* _Information shown_
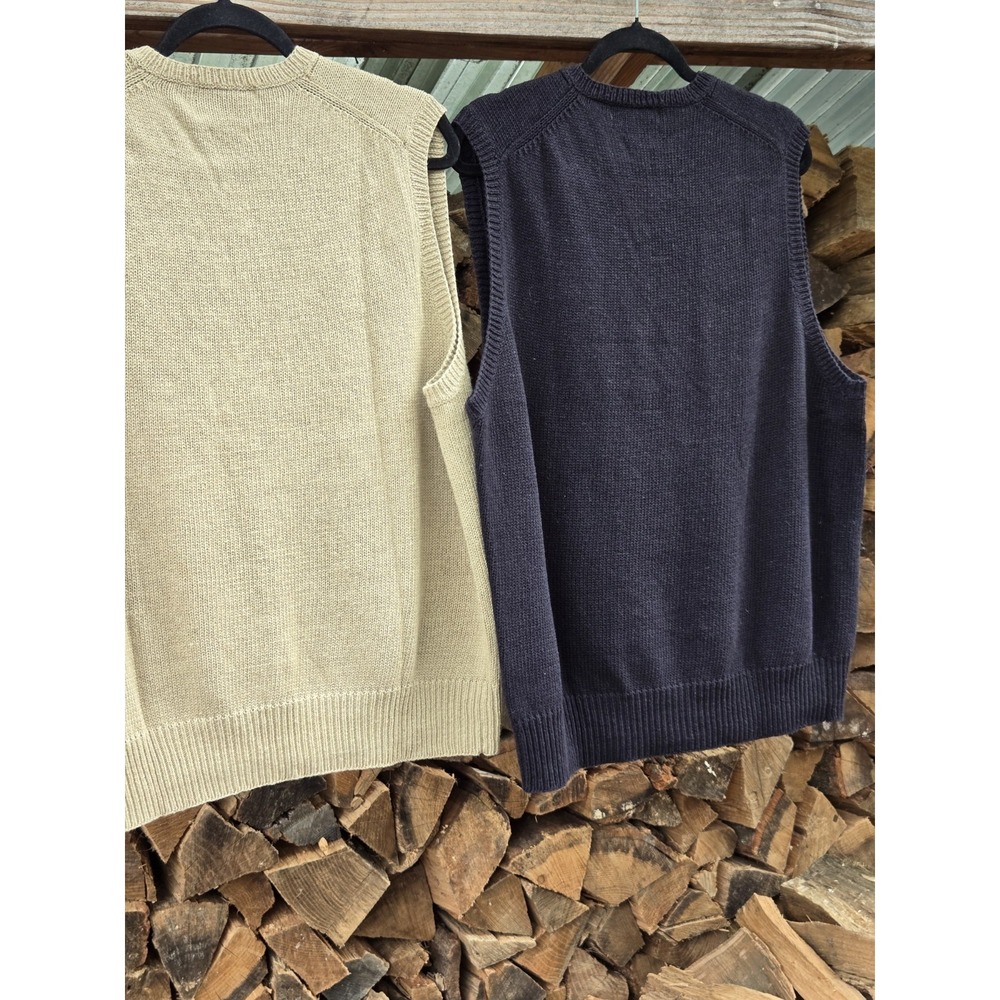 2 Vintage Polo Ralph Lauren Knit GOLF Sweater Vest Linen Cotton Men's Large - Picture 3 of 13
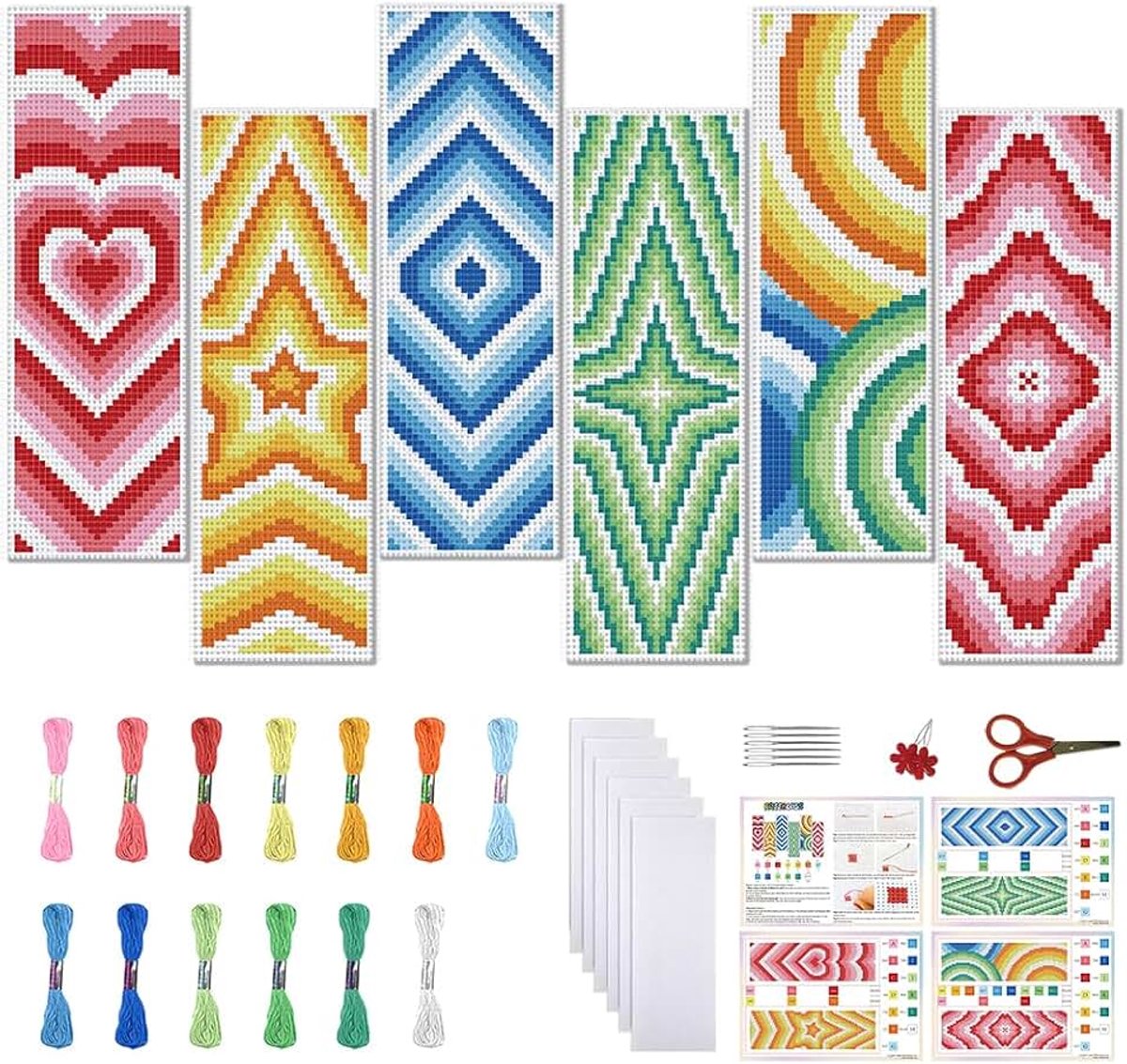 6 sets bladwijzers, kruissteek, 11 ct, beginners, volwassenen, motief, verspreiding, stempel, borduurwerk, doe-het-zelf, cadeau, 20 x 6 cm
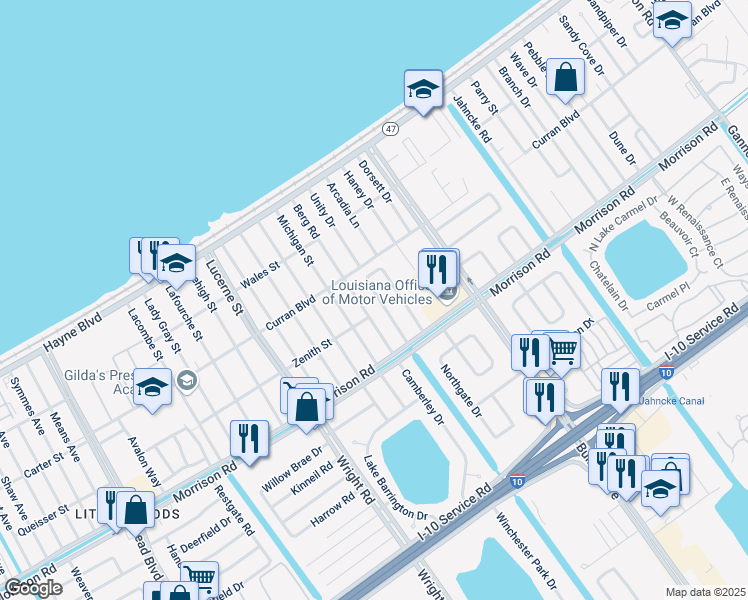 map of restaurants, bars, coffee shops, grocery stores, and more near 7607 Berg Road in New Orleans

* _Instructions for the task_
Copy exactly, please, the lines that run from the line holding "6 sets bladwijzers, kruissteek, 11" through the closing line of the material above, omitting every picture.

* _Solution for this task_
 6 sets bladwijzers, kruissteek, 11 ct, beginners, volwassenen, motief, verspreiding, stempel, borduurwerk, doe-het-zelf, cadeau, 20 x 6 cm
 map of restaurants, bars, coffee shops, grocery stores, and more near 7607 Berg Road in New Orleans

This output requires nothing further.